Ces sous-traitants pourraient alors être tentés d’embaucher des salariés détachés à bas coût… Pour éviter les abus et surveiller les conditions de travail des employés, qu’ils soient sous-traitants, intérimaires, salariés d’entreprises, mauriennais ou polonais, la CGT poursuit son combat de négociations et d’actions contre la fraude au détachement.

Chantier du Lyon-Turin – Descenderie de Modane © MaxPPP

Un tunnel dans les tuyaux

Filiale du groupe Spie Batignolles, Spie Batignolles TPCI est spécialisée dans les travaux souterrains. Mandataire d’un groupement d’entreprises franco-italiennes composé d’Eiffage TP, CMC di Ravenna, Ghella SpA et Cogeis, elle a décroché ce marché d’ouvrages de reconnaissance en mai 2014, pour un montant de 391 millions d’euros. Par la suite, elle espère remporter les marchés pour les travaux du tunnel de base, qui n’ont pas encore été lancés ; Tunnel Euralpin Lyon-Turin (TELT), la maîtrise d’ouvrage, attend la ratification par les parlements français et italien du protocole additionnel signé le 8 mars 2016 à Venise en présence de François Hollande et Matteo Renzi, traitant du partage et de l’indexation des coûts du projet.

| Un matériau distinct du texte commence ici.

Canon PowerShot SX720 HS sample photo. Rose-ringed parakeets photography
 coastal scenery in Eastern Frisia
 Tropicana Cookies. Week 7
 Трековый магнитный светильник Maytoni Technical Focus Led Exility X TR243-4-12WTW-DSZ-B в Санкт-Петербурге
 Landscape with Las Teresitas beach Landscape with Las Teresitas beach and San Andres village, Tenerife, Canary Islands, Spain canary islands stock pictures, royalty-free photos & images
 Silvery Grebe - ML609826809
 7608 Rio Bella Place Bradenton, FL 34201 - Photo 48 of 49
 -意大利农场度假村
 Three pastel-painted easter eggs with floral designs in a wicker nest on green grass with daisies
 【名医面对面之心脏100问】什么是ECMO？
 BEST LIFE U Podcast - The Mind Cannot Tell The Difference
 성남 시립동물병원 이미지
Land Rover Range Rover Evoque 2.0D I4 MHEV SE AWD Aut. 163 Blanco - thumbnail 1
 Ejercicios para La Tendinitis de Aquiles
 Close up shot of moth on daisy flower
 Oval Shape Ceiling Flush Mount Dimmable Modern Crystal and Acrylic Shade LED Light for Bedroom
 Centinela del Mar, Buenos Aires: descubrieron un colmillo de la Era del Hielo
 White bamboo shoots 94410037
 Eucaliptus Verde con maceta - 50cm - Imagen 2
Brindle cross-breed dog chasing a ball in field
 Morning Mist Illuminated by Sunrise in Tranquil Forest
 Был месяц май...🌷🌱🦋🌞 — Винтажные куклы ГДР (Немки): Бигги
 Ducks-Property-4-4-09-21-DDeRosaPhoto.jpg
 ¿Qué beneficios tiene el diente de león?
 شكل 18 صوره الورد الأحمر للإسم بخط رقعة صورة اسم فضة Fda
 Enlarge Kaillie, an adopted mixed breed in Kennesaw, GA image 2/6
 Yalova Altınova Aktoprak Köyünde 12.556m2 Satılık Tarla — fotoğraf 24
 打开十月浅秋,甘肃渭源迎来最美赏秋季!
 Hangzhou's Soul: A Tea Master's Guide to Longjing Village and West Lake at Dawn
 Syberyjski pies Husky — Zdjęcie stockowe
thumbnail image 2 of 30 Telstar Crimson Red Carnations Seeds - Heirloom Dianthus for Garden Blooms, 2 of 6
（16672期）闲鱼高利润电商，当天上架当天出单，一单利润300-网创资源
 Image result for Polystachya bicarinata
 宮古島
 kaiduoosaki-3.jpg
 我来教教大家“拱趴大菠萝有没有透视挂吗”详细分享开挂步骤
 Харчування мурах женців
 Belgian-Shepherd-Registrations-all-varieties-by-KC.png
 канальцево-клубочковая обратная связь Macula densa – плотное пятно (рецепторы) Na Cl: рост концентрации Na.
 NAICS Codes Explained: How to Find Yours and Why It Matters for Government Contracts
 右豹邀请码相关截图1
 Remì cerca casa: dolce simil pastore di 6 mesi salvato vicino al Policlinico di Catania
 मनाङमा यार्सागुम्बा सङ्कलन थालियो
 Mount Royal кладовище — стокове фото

Ce projet de liaison à grande vitesse est très décrié, notamment en Italie. Donnant raison aux opposants, un référé de la Cour des comptes de 2012 soulignait un projet surdimensionné par rapport aux besoins réels, un pilotage insuffisant, des coûts très importants et une rentabilité socioéconomique discutable.

 

La fraude au détachement, une perversion du système

Accueillant 43 % des salariés détachés déclarés en France en 2013 (1), le secteur du BTP est très concerné par les problématiques de fraude au détachement. Si le statut de détaché permet normalement à un employeur européen d’envoyer ses salariés effectuer une mission temporaire dans un autre pays de l’Union européenne – en respectant le droit du travail en vigueur dans le pays d’accueil, notamment le temps de travail et les conditions salariales –, il est parfois dévoyé par certains entrepreneurs indélicats. Ceux-ci utilisent des sociétés “boîtes aux lettres” pour recruter dans des pays à bas coût, ne paient pas leurs salariés détachés aux conditions françaises, les font travailler davantage que leurs collègues français ou les logent dans des conditions scandaleuses.

  1. Source : Analyse des déclarations de détachement des entreprises prestataires de services en France en 2013, Direction générale du travail, novembre 2014.